A report at this year’s annual meeting of The American Society of Anesthesiologists focused on whether or not onabotulinumtoxinA, often sold under the brand name of Botox, is useful in treating migraine in children. As we know, there are a limited number of treatments that have been properly tested for the under-18 crowd.
The report simply reviewed charts of people ages 8-17 who had received Botox treatment to treat chronic migraine. Patients received 2-3 injections each.
The results were very promising. Compared to pre-treatment, almost 3/4 of the patient’s migraine attacks disappeared. The duration of the attacks also dropped drastically, and the attacks tended to be less severe.
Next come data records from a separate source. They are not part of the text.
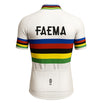 Retro Wielershirt Faema - Regenboog Gruppo Sportivo
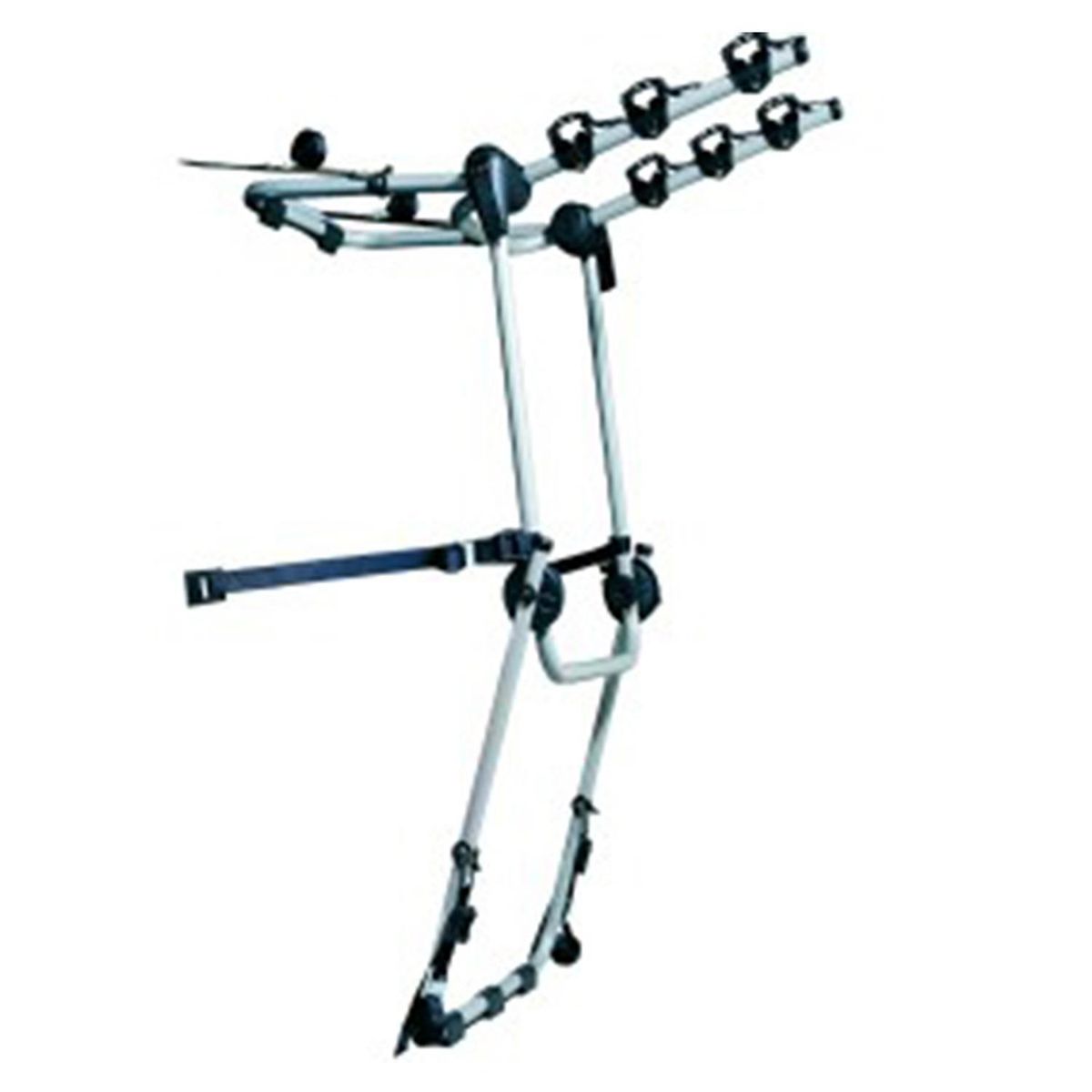 MONT BLANC - Portabicicletas Trasero Universal Mont Blanc 3 Bicicletas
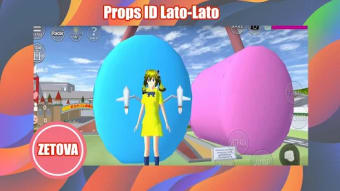 Props Id Lato Lato Sakura SS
Read the study abstract here: A Longitudinal Evaluation of the Effectiveness of BotoxÂ® in Pediatric Patients Experiencing Migraines.
There are at least two significant caveats with this report. First, there is a high “placebo effect” with the younger crowd. It would be helpful to compare onabotulinumtoxinA treatments with similar treatments to see if it’s really a lot better or not. One key here is to see what kinds of side effects could be avoided by using Botox instead of another treatment, such as Topamax.
This was also a very small study, only 9 patients. So when we have a study like this, we basically say,”Ok, that sounds significant. Let’s start up a larger study so we can see if these results are real, or just a blip on the chart.”
Even a small study like this should get specialists thinking seriously about using onabotulinumtoxinA for their chronic migraine patients.